**Problem to work on**
Starting with the first line and ending with the last, transcribe the data exactly.

[[ Available data open ]]

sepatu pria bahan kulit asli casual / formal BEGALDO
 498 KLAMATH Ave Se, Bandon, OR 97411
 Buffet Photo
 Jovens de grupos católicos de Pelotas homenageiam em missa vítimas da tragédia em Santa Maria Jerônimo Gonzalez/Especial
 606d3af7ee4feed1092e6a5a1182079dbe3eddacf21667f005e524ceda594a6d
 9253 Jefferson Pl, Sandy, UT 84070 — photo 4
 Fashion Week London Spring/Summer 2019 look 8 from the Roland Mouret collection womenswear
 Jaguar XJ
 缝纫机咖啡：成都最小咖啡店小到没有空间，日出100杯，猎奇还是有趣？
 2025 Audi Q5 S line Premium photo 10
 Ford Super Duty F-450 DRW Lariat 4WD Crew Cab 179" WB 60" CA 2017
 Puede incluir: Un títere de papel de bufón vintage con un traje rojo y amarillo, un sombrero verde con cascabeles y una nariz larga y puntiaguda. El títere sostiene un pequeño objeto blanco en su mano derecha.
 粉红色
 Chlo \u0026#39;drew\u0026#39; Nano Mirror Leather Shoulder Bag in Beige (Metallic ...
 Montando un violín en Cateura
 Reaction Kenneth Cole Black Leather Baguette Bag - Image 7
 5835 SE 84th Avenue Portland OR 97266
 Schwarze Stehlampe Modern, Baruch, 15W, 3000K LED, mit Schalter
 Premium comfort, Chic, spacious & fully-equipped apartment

[[ Available data closed ]]

**Output of the task**
sepatu pria bahan kulit asli casual / formal BEGALDO
 498 KLAMATH Ave Se, Bandon, OR 97411
 Buffet Photo
 Jovens de grupos católicos de Pelotas homenageiam em missa vítimas da tragédia em Santa Maria Jerônimo Gonzalez/Especial
 606d3af7ee4feed1092e6a5a1182079dbe3eddacf21667f005e524ceda594a6d
 9253 Jefferson Pl, Sandy, UT 84070 — photo 4
 Fashion Week London Spring/Summer 2019 look 8 from the Roland Mouret collection womenswear
 Jaguar XJ
 缝纫机咖啡：成都最小咖啡店小到没有空间，日出100杯，猎奇还是有趣？
 2025 Audi Q5 S line Premium photo 10
 Ford Super Duty F-450 DRW Lariat 4WD Crew Cab 179" WB 60" CA 2017
 Puede incluir: Un títere de papel de bufón vintage con un traje rojo y amarillo, un sombrero verde con cascabeles y una nariz larga y puntiaguda. El títere sostiene un pequeño objeto blanco en su mano derecha.
 粉红色
 Chlo \u0026#39;drew\u0026#39; Nano Mirror Leather Shoulder Bag in Beige (Metallic ...
 Montando un violín en Cateura
 Reaction Kenneth Cole Black Leather Baguette Bag - Image 7
 5835 SE 84th Avenue Portland OR 97266
 Schwarze Stehlampe Modern, Baruch, 15W, 3000K LED, mit Schalter
 Premium comfort, Chic, spacious & fully-equipped apartment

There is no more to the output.